二十四夜、ガキ大将戦争
今日はじいじの番です。
眠れないのかい、それは困ったねえ。じゃあ、少しお話をしてあげようかね。どんなことがいいかな。何がいい?
「・・・・・・」
そうだねえ、じゃあ、じいじが子供の頃のお話をしようかねえ。
まだ、小学校に入ったばかりの頃のことだけれど・・・
学校に入るといいことは、友達が増えること。ただ、友達が増えるのと同時に、今度は面倒なことが起きた。がき大将の対立だった。それが村単位の対立になって、こっちの村のグループと、あっちの村のグループとの対立にすり替わってしまったこと。
じいじは全然そんなことは思ってもみないことだったのだけれど、気が付くと巻き込まれて、昨日まで友達だった人があっちのグループだったりすることも。
それだけで済まなくて、ひどい時は、崖の上と下で石や、泥団子のぶつけ合い。時には、どこから持ってきたのか、鎌ですすきや笹竹を刈って崖の上から雨あられと投げ落として、下にいるあっち側のグループにけがを負わせたり。鎌で刈ったところが鋭いので、上から投げ下ろされると、頭や体、手や足に刺さったりするんだよ。
深い傷にはならないけど、逃げ回っても当たると痛いし、血が出ることもある。慣れてくるとうまく避けるようになるのだけれど、それまでは、騒いだり、泣いたり、もう大変だった。じいじのグループは、崖の上の集落なので、攻めて来られてもいつも上なので有利と言えば有利だったのだけど。
しばらくすると、さすがにあっち側も、不利すぎると文句を言いだし、一度下になってみろってことで、交代してみたけど、とんでもないよね。敵うわけがないよ。

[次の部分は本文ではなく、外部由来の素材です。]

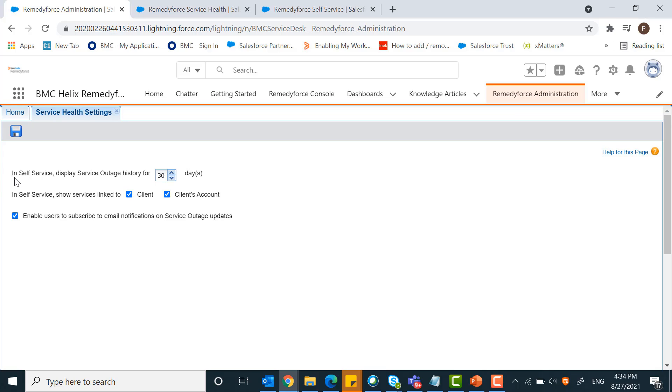On this page, you will find the options in self-service display service outage history for days. Maximum of 30 days you can set. This is how you can set the service outage history.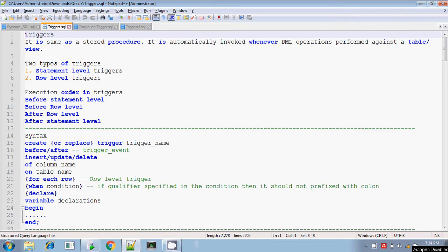Hi, this is Tithar. Today I will explain you about the triggers in Oracle. Triggers are the same as a stored procedure, a PL/SQL stored procedure, but this one is automatically invoked when a particular event occurs. The event may be DML operations, DDL operations, or it may be logon triggers when you log into the database, and logout triggers after you log out. So there are several events for which a trigger can be invoked.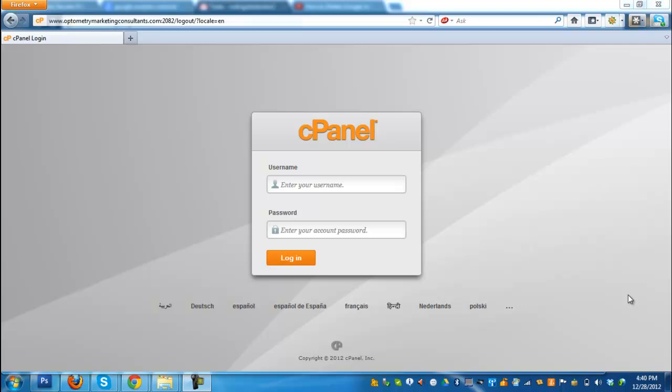Hello there. In this video, I'm going to walk you through on how to delete an add-on domain on your cPanel account.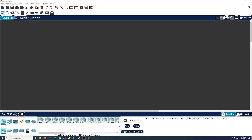Hey, welcome back to my channel, and today we're going to be messing around with Cisco Packet Tracer. Cisco Packet Tracer is a program that allows you to create virtual computer networks and just kind of mess around with that stuff.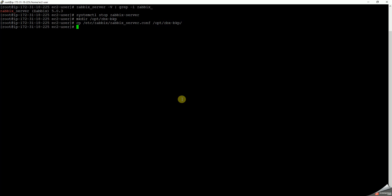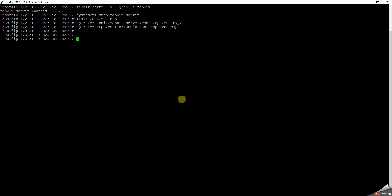And then copy /etc/httpd/conf.d/zabbix.conf to /opt/zbx_backup. Okay, so now this is done.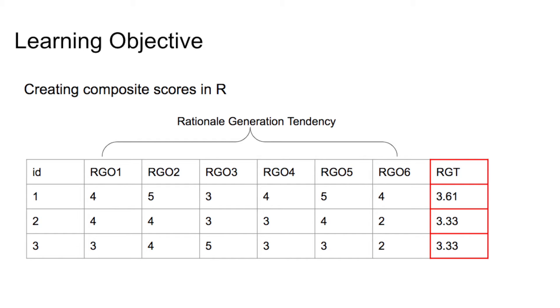Hello everyone. Welcome to Chong's real-world data. This is Chong Wang. Today, I will talk about how to create composite scores for your variables in R.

じいじは口には出さなかったけど、腹の中では、そんなに文句があるなら、攻めてくるなよって思ってたよ。
もともとガキ大将同士のことだったのだから、二人で決着を付ければ済むのに、なんでじいじたちも巻き込むんだか。
たぶん、こっち側の大将があっち側の大将の言うことを聞くのが嫌だったんだと思うよ。
そのうち知らないうちに収まって、あっちのグループともいしょに遊ぶようになり、どんどん仲間が増えていったよ。増えるって言っても、町のようの徒党を組むほどではなくて、ちょっとしたグループが一回り大きくなっただけだったけどね。
グループの中には大きな歳の上の人がいれば、まだまだ幼い人もいたよ。そんな中には、遊んでほしいのと、置いていかれるのが怖いのとで、トイレにも行けなくて、とうとうズボンの中に漏らしちゃた子もいた。パンツもズボンも濡れたまま走り回ってる子がいて、楽しいんだか、苦しいんだか、悲しいんだか、わからないよね。たぶん、家に帰って怒られるんだろうね。
聞いてみると、その子はいつもあれだから、いいんだってことだった。なんだよそれって思ったけど、まだ幼い子の面倒を見るのは大変で、じいじには無理っぽかったから、黙ってたよ。
今から思うと、その頃が一番活き活きとしてた時期だった気がするよ。
おや、眠たくなってきたかい、それじゃあ、おやすみ、いい夢を見てね。
じいじの言うには、こんな過激なことでも、役割を決めて、みんなが一緒にしないと、すぐに負けてしまうし、自分たちの大将はこれまでの義理があったから、おいそれと裏切れなかった、んだそうですよ。きっと、まだ語られていない秘密があったんではないかと、密かに思っています。